`x or x or x` versus `(x or x) or x`

Another way of looking at this is through the AST (3.12):

>>> print(ast.dump(ast.parse("x or x or x", mode='eval'), indent=2))
Expression(
  body=BoolOp(
    op=Or(),
    values=[
      Name(id='x', ctx=Load()),
      Name(id='x', ctx=Load()),
      Name(id='x', ctx=Load())]))
>>> print(ast.dump(ast.parse("(x or x) or x", mode='eval'), indent=2))
Expression(
  body=BoolOp(
    op=Or(),
    values=[
      BoolOp(
        op=Or(),
        values=[
          Name(id='x', ctx=Load()),
          Name(id='x', ctx=Load())]),
      Name(id='x', ctx=Load())]))

I’m not totally sure these mean the same thing. At least, it appears that in the triple-or, evaluation takes the truthyness of each in turn, returning the first truthy value, or the last value. In the nested case, it does this for the first pair (returning x) then has to compute the truthyness of that value (again).

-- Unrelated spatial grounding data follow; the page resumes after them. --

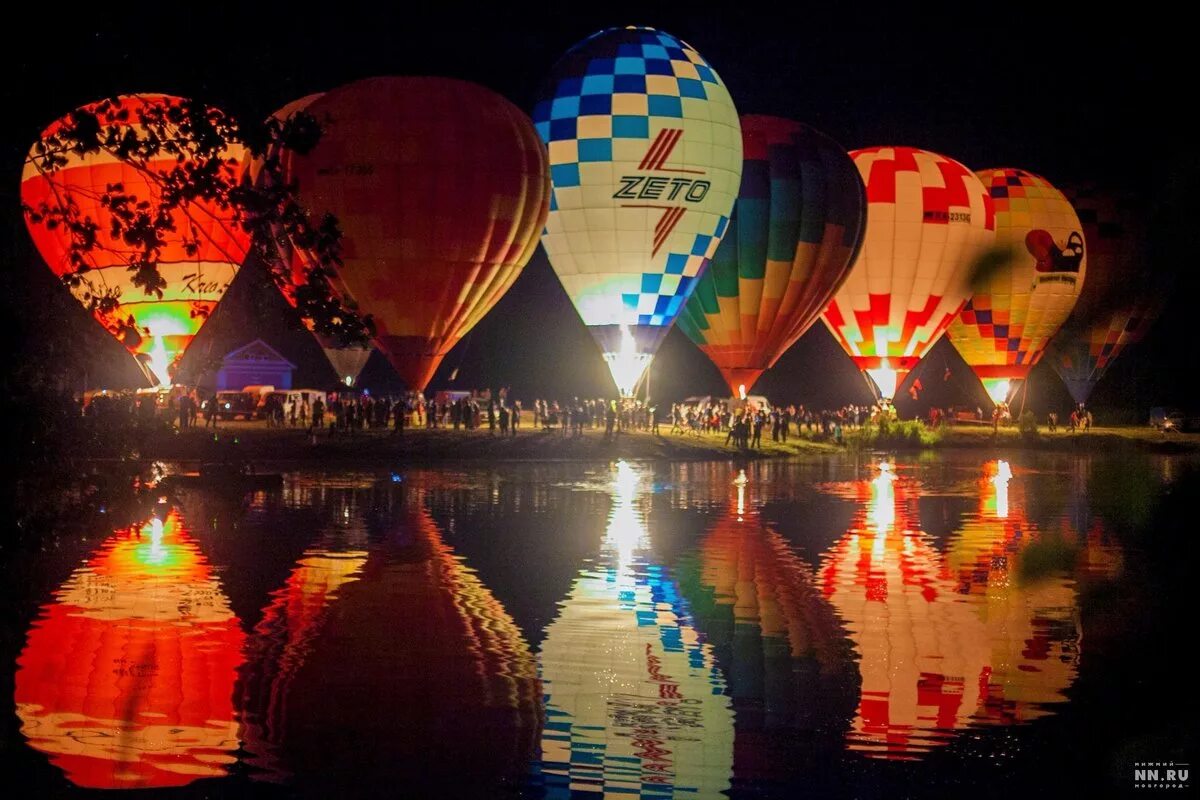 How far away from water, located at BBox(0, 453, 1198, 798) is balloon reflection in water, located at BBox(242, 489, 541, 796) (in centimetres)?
3

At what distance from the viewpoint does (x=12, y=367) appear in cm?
711

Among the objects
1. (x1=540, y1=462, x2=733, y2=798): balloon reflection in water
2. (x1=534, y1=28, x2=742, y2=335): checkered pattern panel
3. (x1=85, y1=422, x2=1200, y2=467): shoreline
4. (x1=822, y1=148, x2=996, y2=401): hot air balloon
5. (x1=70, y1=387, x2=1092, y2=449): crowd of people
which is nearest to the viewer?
(x1=540, y1=462, x2=733, y2=798): balloon reflection in water

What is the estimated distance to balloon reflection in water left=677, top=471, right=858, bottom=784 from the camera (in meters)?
7.69

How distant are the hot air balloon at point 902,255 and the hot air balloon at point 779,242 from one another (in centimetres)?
210

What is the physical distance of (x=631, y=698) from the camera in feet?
28.5

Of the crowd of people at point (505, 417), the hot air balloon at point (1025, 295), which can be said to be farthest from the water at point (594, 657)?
the hot air balloon at point (1025, 295)

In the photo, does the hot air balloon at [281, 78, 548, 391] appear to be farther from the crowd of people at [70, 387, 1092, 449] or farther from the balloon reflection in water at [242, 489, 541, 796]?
the balloon reflection in water at [242, 489, 541, 796]

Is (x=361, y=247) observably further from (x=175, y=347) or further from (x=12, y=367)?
(x=12, y=367)

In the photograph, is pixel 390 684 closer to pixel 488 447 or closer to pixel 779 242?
pixel 488 447

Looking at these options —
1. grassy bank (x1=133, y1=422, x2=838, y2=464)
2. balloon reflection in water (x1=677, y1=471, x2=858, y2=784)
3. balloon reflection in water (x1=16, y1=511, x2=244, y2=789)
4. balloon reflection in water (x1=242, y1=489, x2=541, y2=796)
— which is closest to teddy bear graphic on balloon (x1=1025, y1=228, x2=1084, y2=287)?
grassy bank (x1=133, y1=422, x2=838, y2=464)

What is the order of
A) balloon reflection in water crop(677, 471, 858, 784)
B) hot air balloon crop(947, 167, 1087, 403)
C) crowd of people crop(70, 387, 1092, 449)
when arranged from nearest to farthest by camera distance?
balloon reflection in water crop(677, 471, 858, 784) → crowd of people crop(70, 387, 1092, 449) → hot air balloon crop(947, 167, 1087, 403)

Hm, I think you could make the argument that expression still evaluates correctly, but that future evaluations might not be what you expect because an assumption about short-circuiting was violated.

This is arguably a bug in that the specification states what will be evaluated, and it’s common to rely on that behavior (e.g. to avoid evaluating something that raises exceptions). Although this specific example is pathological and it’s not clear if a realistic example exists.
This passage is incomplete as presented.